_Problem requirements_:
Here the job is to transcribe the data verbatim while leaving each picture out.

Start of Information shown

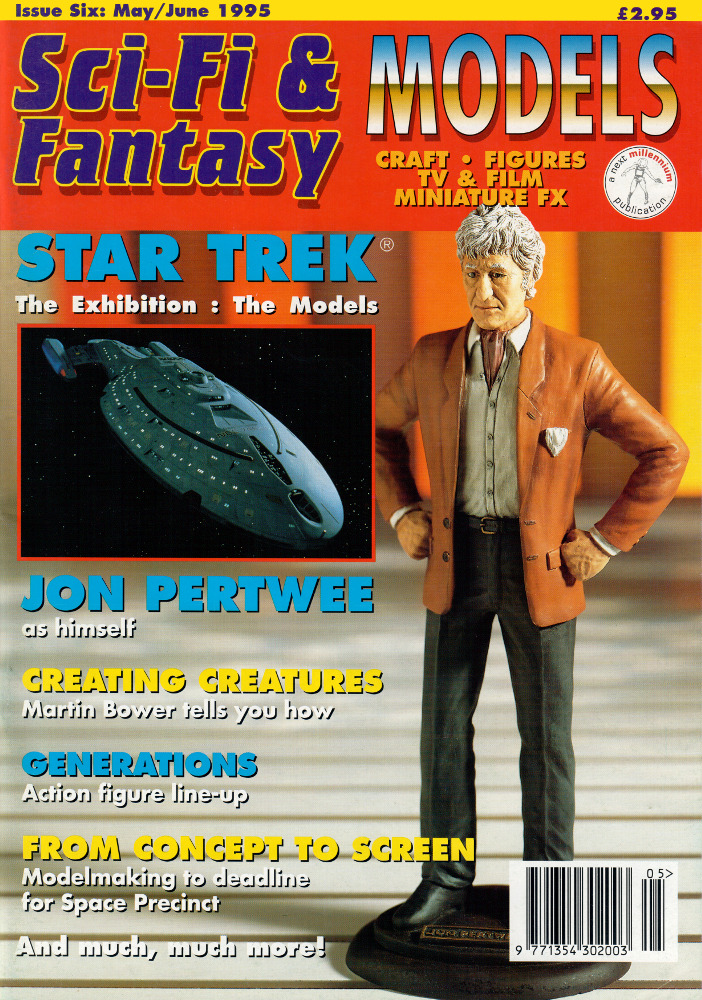 Sci-Fi & Fantasy Models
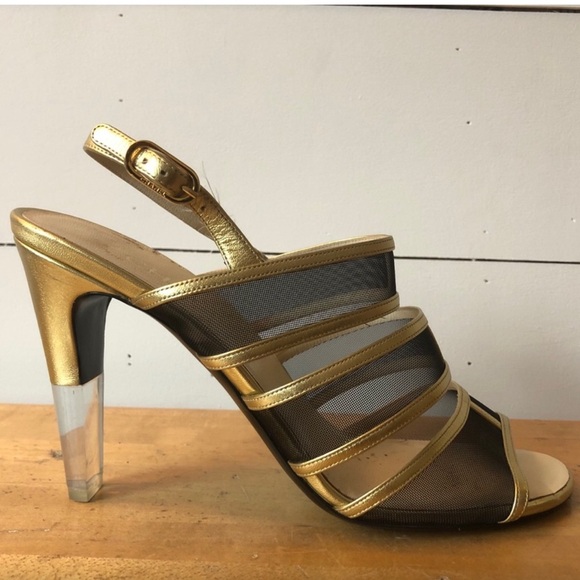 Chanel mesh and lucite runway cruise collection 2018 / 2019 - Picture 7 of 11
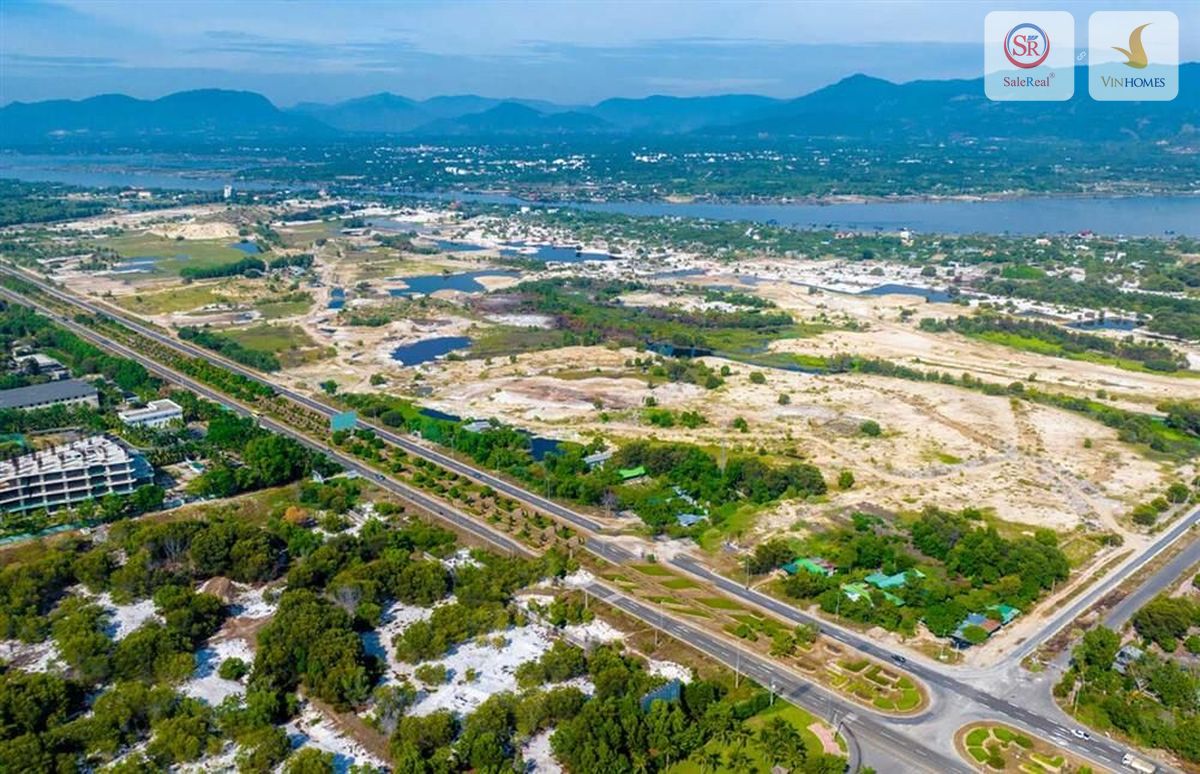 Hình thực tế Vinhomes Cam Ranh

End of Information shown

_Solution_:
 Sci-Fi & Fantasy Models
 Chanel mesh and lucite runway cruise collection 2018 / 2019 - Picture 7 of 11
 Hình thực tế Vinhomes Cam Ranh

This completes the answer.